KKLN
- Atwater, Minnesota; United States;
- Broadcast area: Willmar, Minnesota
- Frequency: 94.1 MHz
- Branding: 94.1 The Loon

Programming
- Format: Classic Rock
- Affiliations: United Stations Radio Networks Westwood One

Ownership
- Owner: Lakeland Media, LLC

History
- First air date: 1989 (as KYRS)
- Former call signs: KYRS (1988–1999)
- Call sign meaning: KK The LooN

Technical information
- Licensing authority: FCC
- Facility ID: 19243
- Class: A
- ERP: 6,000 watts
- HAAT: 100 meters

Links
- Public license information: Public file; LMS;
- Webcast: Listen Live
- Website: 941theloon.com

= KKLN =

KKLN (94.1 FM, "94.1 The Loon") is a classic rock format radio station in Willmar, Minnesota, which was previously broadcasting from the Kandi Mall. The station is owned by Lakeland Media, LLC.

==History==
The station now known as KKLN was operating by 1989 as KYRS, a country station on 94.1 MHz licensed to Atwater, Minnesota. FMedia! listed KYRS that year as a stereo country outlet identifying with Litchfield, and a 1990 listing described the station as having studios in Litchfield. In September 1989, Broadcasting reported that Crow River Broadcasting Inc. had sold KYRS to KYRS Inc. for $282,000.
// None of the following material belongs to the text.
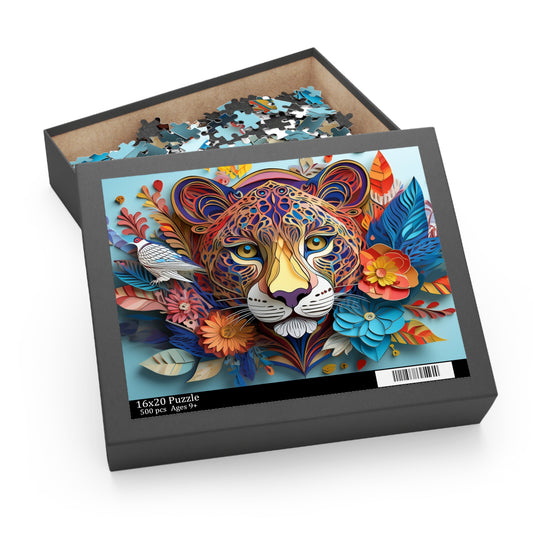 Colorful Cheetah Face Puzzle 500-Piece  Floral Cheetah Puzzle 500-Piece Ages 9+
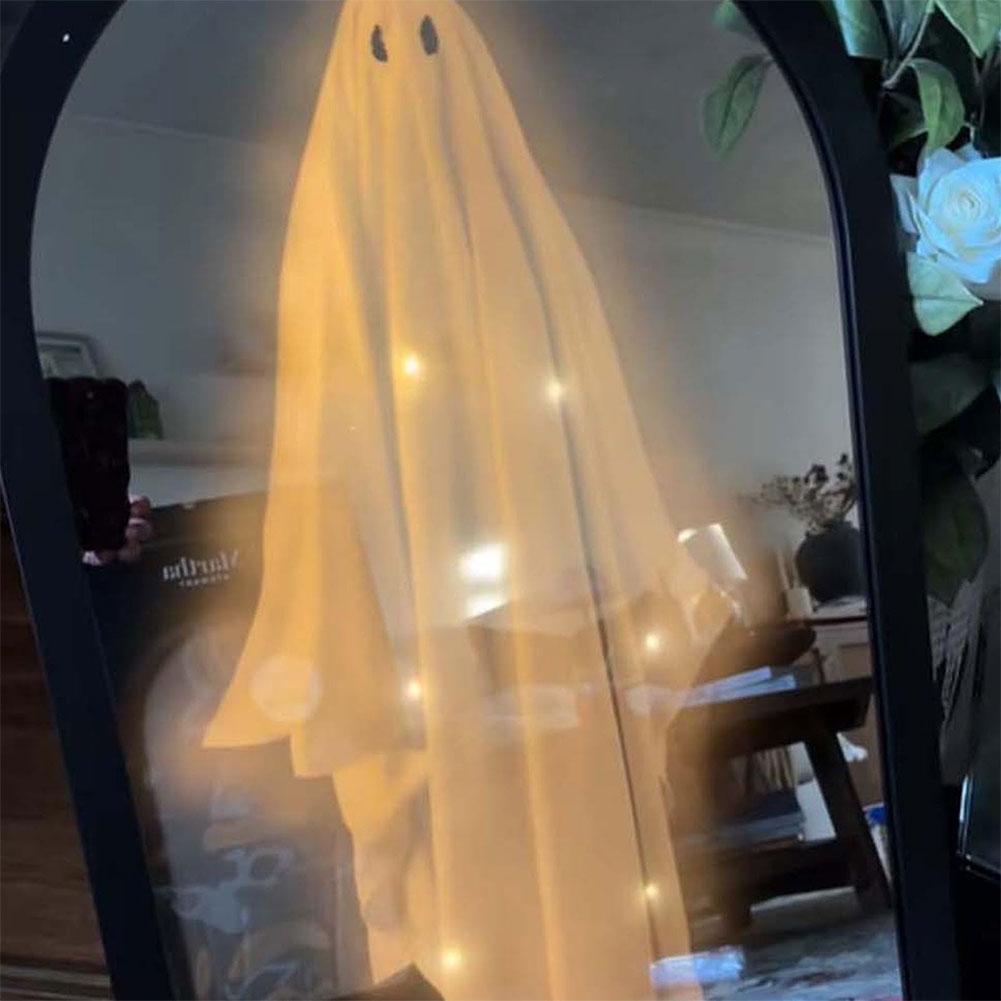 Halloween Ghost Mirror Luminous Horror Ghost Mirrors with Night Light Ornaments Home Decor Halloween Decorations 35*20cm 50*24cm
The station changed hands several times in the 1990s. In 1994, The M Street Journal reported a proposed assignment of KYRS from KYRS FM, Inc. to Elite Broadcasting, Inc. Two years later, Broadcasting & Cable reported that Elite was selling KYRS to StarCom Inc. of Waite Park for $453,159; the report described the station as a country outlet with 3,000 watts on 94.1 MHz.

KYRS became KKLN in June 1999. Northpine reported shortly after the call-letter change that the station was using the name "Classic Country 94.1" and mixing newer and older country titles. By July 1999, however, FMedia! reported that KKLN had become "The New Loon", using a classic and new rock format similar to KLZZ in Waite Park–St. Cloud.
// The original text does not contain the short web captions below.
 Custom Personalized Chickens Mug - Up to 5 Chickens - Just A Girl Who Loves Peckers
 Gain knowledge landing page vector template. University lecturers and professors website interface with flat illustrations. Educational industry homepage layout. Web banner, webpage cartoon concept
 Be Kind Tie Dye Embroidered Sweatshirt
In 2000, Radio Business Report reported the sale of KKLN from KYRS FM Inc., headed by Dennis Carpenter, to Flagship Broadcasting LLC, headed by Richard Anderson and Anita Kimmes. The transaction was valued at $500,000, and the buyer had been operating the station under a local marketing agreement since July 1, 1999. By 2000, technical listings showed KKLN operating with 6,000 watts at 100 meters height above average terrain.

Flagship Broadcasting sold KKLN to Headwaters Media, LLC, in 2009. Radio Business Report reported the transaction at $400,000, with $300,000 due in cash at closing and a $100,000 note. The Federal Communications Commission accepted the assignment application for filing in September 2009 and granted it on November 3, 2009.

In 2025, Headwaters Media filed to assign KKLN, along with KSCR-FM, KBMO, and FM translator K278CX, to Lakeland Media LLC. Northpine reported that the deal added KKLN to Lakeland Media's existing Willmar-area group. Lakeland's station profile describes KKLN as a classic rock station featuring music from the 1960s through the 1990s, with local news, weather, and community-calendar announcements.

==Programming==
Notable weekday programming includes Loon Mornings, afternoons with Rob Ryan, and Steve Gorman Rocks.